Words words words… let’s face it, it’s difficult to communicate without them! However, important though words undoubtedly are—they are not the be all and end all of our communication. What makes an engaging speaker? It’s not just the words they use (and how they use them). Communication isn’t just what we hear—but also what we see. Vocal animation alone will only take us so far if we don’t look physically engaged in the message we are seeking to convey.
At school, my Home Economics teacher used to bellow at me for my poor presentation of food. (I remember she was once particularly scathing about an admittedly, rather shabby looking lemon meringue pie I had attempted). Her special motto—delivered with an almost messianic zeal—was that we had to “feed the eye as well as the palate”. She scared the living daylights out of me, so I always nodded obediently whenever she trotted out her catchphrase.
Much as I hate to say it, though, she had a point. And her words are especially true when it comes to communication.

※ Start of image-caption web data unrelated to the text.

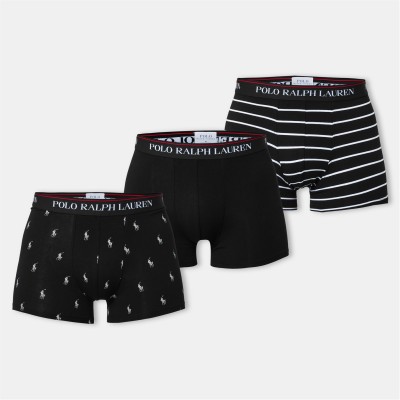 боксерки,аксесоари,на,разпродажба,мъжко,бельо,polo,ralph,lauren,men's,3,pack,cotton,trunks,blk,strp,aop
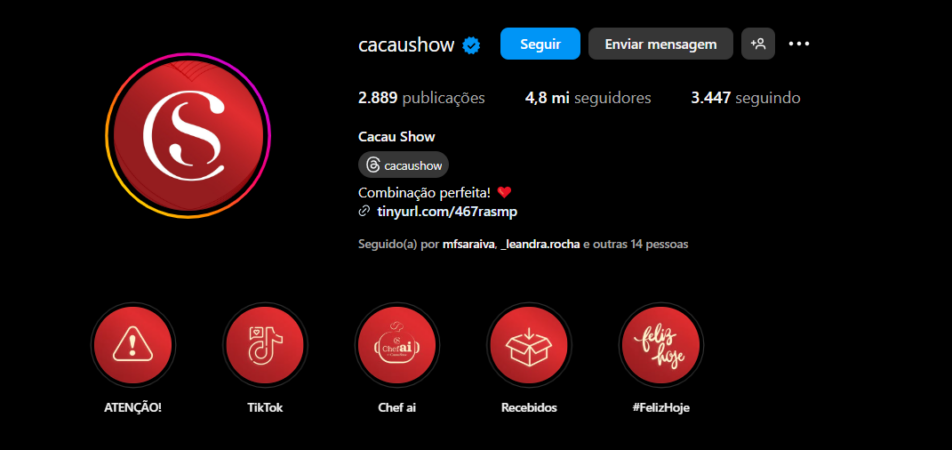 Perfil no Instagram da Cacau Show.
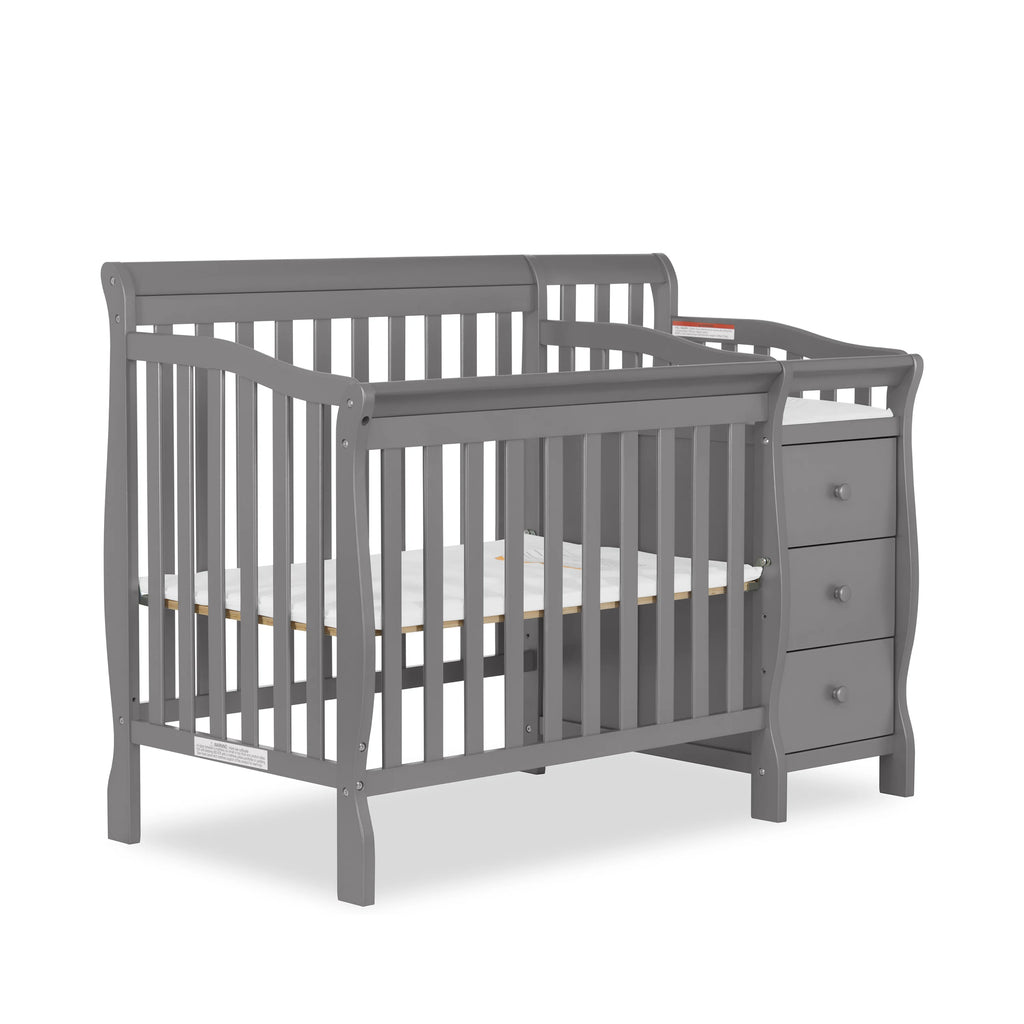 Storm Grey 4-in-1 Convertible Mini Crib and Changer B95615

Interesting speakers don’t just use their voice to communicate—they use their body as well. Our face, our eyes, our gestures – these are what our listeners are looking at. If we look stiff and disengaged, if our eyes are glazed—we are not sending a message to our listeners that we value what we are saying.
That’s what effective communication is about really: Value. We have to value our message and value our listeners. We don’t do that just through our voice alone.
Good posture is crucial to making a good impression, showing confidence and feeling like you are the real deal. Not only will it change how people perceive you, science tells us it changes the actual biochemistry in our brains, so you will feel different too! And one inch makes all the difference. Roll your shoulders back when you come into the room. To release any tension, do some spine rolls. Then stroke your shoulders back with your hands. Have your fingers meet in the middle of your chest and stroke outwards. Use your fingers to lengthen the space between your ear lobes and your shoulders by bunching up your fingers and then spreading them in this space. This will tell your body where you want it to go. So next time you give a presentation, be aware that you need to “feed the eye” of your listener, not just their ears.
When you are communicating, you have the power over the images and ideas that are being created in your listeners’ heads. It is up to you if you use this power to its maximum.
P.S. My lemon meringue pie wasn’t that bad.